I’d agree with the others here. If you are going to update an in memory data structure, you are better off doing it in ETS if it’s getting updated pretty constantly. If it’s not, then you might be better off with mnesia to distribute it across the cluster. IMO unless the updates are happening almost constantly over the course of 2-5 minutes you are going to be better off persisting it and then retrieving it when the updates come.

pdilyard · March 7, 2017, 11:39pm

Updating on disk had already proven to be too slow (each request requires a
pool of other related data, and an update to 3+ “objects”, plus there are
background jobs going on constantly to re-calculate scores and things). I
did a lot of benchmarking to get to the genserver implementation…The app
is really a lot like a game.

Maybe the approach I should go for is to use genservers to route requests
to the proper node, but use ETS to actually maintain the state of each
object. Any thoughts on that?

dom · March 8, 2017, 12:51am

Can you get recon from Hex, then try :recon.bin_leak(10) (http://ferd.github.io/recon/recon.html#bin_leak-1) when your system is using a lot of memory, and check 1) does usage go down a lot? and 2) what type of process shows up in the top list? (User vs Thought vs something else)

This will help pinpoint if GC really is the issue and where. Another possible problem would be if you receive large binary messages, then extract and keep in the state a small substring, which is really a pointer into the larger string and prevents it from being garbage collected.

You might find chapter 7 of Erlang in Anger useful (http://www.erlang-in-anger.com/).

pdilyard · March 8, 2017, 1:26am

Yes, usage went down a ton after running that function actually (~1.2gb to 120mb on my machine). Can you expand a little bit on what this does and what it means (and how I might be able to fix my problem using these results)?

The 10 processes listed were not my User/Thought processes, they where Phoenix.Endpoint.CodeReloader, :ssl_manager, Logger, and a few other :gen_servers that didn’t have obvious names.

pdilyard · March 8, 2017, 1:34am

Just for fun, I also called :recon.bin_leak(50), and the list was full of mostly values like this:

{#PID<0.22905.0>, -117,
  [current_function: {:gen_server, :loop, 6},
   initial_call: {:proc_lib, :init_p, 5}]},

I ran GenServer.call(pid(0, 23540, 0), :get), and can confirm that these are my User processes.

imetallica · March 8, 2017, 2:30am

Which function have you used to reduce memory?

pdilyard · March 8, 2017, 2:32am

:recon.bin_leak/1 as suggested by @dom

dom · March 8, 2017, 9:19am

bin_leaks forces a garbage collect on all processes, and measures how many reference-counted binaries were freed per process.
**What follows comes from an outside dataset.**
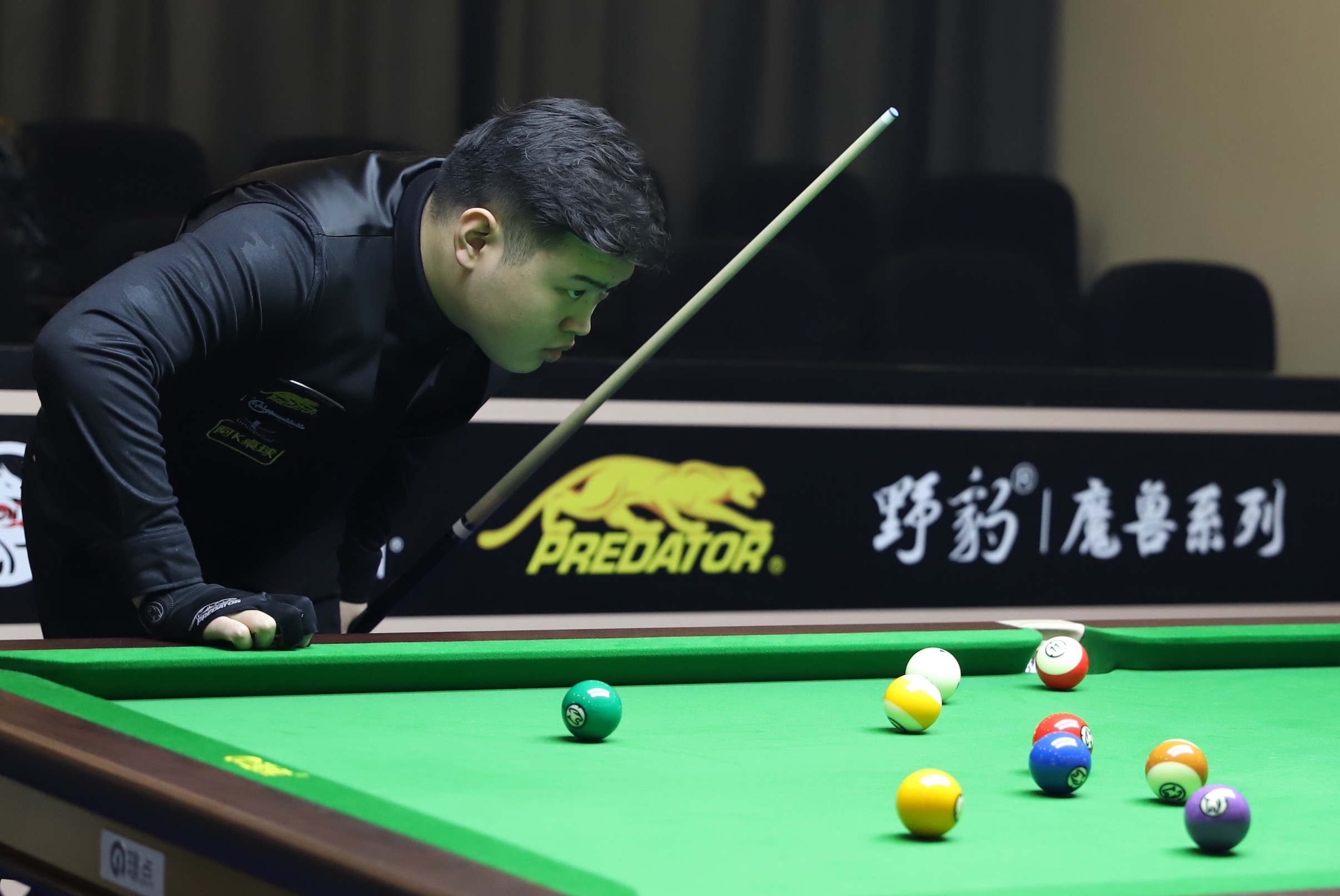 了比分差距 了比分差距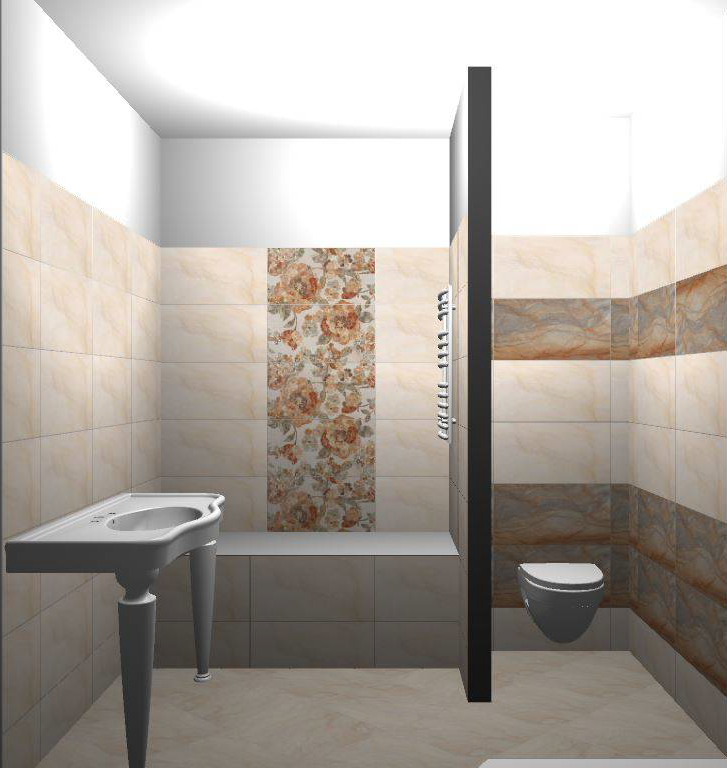 Pamesa Fusion/Fura - фото 6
So this confirms lack of GC is the issue here.

Some things you can do:

If you have operations that generate lots of refc binary garbage, do them in a separate, short-lived process linked to your long-lived user process, so it doesn’t accumulate garbage.
You can use a timer to hibernate (see genserver doc) the user process after N seconds of inactivity, or when you know it won’t be getting messages for a while. The process will still be alive, but won’t hold extra memory.
You can also use a timer to force a gc every N seconds.
ETS as mentioned can help. Each process can own a table, it doesn’t have to be shared. This is a nice article about the difference it makes: http://theerlangelist.com/article/reducing_maximum_latency

DianaOlympos · March 8, 2017, 9:33am

Reduce the amount of memory you allocate to the BEAM. Why try to force some GC if you do not need it ?

aseigo · March 8, 2017, 10:50am

If this is due to binaries being held due to being referenced, as opposed to just GC not running on those processes:

If you can identify which binaries are being kept around (sounds like messages from the user that are being parsed out, with the interesting components stored in those maps?), then consider using :binary.copy/1 on the binary snippets before storing them in your GenServer’s state. This will create a deep copy of those binaries, freeing the original binary they were pulled from, and then the GC can do its job on those original binaries.